If the SM Higgs is found, there will be rejoicing at first at CERN and within the physics community, and an appropriately proud announcement to the public. Debate will begin on who gets the Nobel: experimentalists? which of the 6000+ people at LHC/CMS/ATLAS? or theorists? Anderson/Higgs/Englert/Brout/Guralnik/Hagen/Kibble, or ? I gather Brout is no longer with us, maybe this will have to wait until the list gets down to three by attrition. Probably the best case would be for Weinberg/Salam, but they already were rewarded for the SM. Maybe the Swedes could make Weinberg’s a double. The LHC experimentalists would have an active research program for many years trying to measure the Higgs properties. Theorists though would face the gloomy prospect that these would just agree with the SM. We’d be stuck pretty much where we have been for thirty years: no clues as to how to do better than the SM.

What though if the SM Higgs gets ruled out?
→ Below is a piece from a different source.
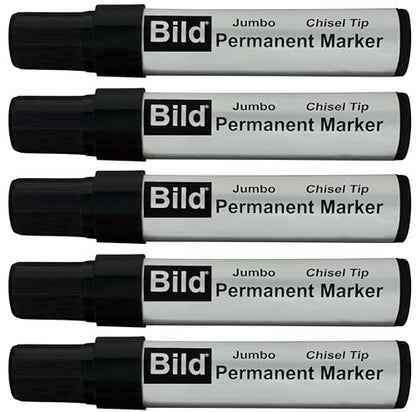 Bild Jumbo Permanent Markers, Chisel Tip, Black Waterproof Quick-Drying Ink, Extra Large Thick Wide Tip for Cardboard, Posters, Shipping Boxes (Black)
CERN may consider this an embarassment, but it’s actually a far more exciting result, one even more worthy of the Nobel than finding the long-sought particle. SUSY enthusiasts will claim this means it’s a SUSY Higgs, and model builders will get to work on constructing more complicated models designed to explain the result by making the Higgs even harder to see (Matt Strassler is starting to write about such models here). My guess would be though that no Higgs means the argument from esthetics was right, so adding in more scalar fields in some complex pattern isn’t a very plausible explanation of the null result.

A commenter here pointed out that this possibility was discussed during the debate over the SSC, when it was argued that, in the case of no Higgs, you would need a 40 TeV machine to look at W/Z scattering, to get information about what was really going on. The LHC should be capable of quite high luminosity, which may compensate for its lower energy in such searches, see a recent discussion here.
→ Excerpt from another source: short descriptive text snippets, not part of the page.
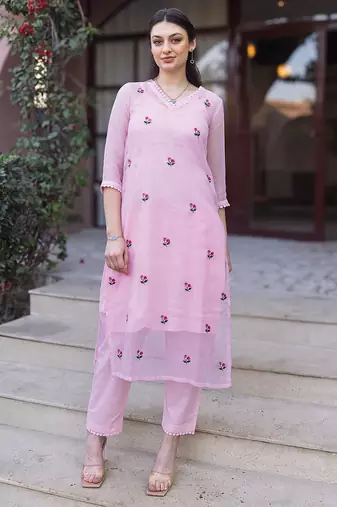 Light pink embroidered cotton kurta set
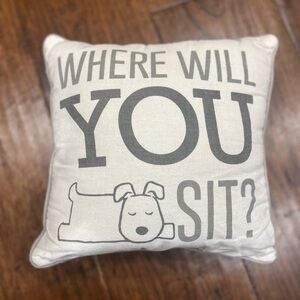 Gray and White Decorative Pillow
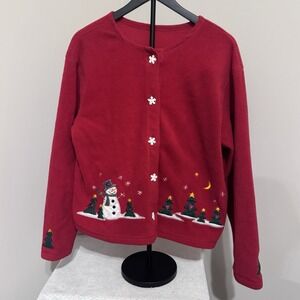 Vintage  Women's Sz L/XL Christmas Holiday  Snowflake  Sweater Red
My own very vague favorite idea has always been that, non-perturbatively, there’s something important we’re missing in our understanding of gauge symmetry in chiral gauge theories and that this may hold the secret to the mystery of electroweak symmetry breaking. While this idea has been a motivation for research I’ve been pursuing in recent years, I can’t claim to have made any progress on it. My second real blog posting here was about this, back in 2004, leading to a torrent of abuse. Maybe if there’s no Higgs, SUSY and extra dimensions are gone, this could become a legitimate question in the eyes of mainstream theorists.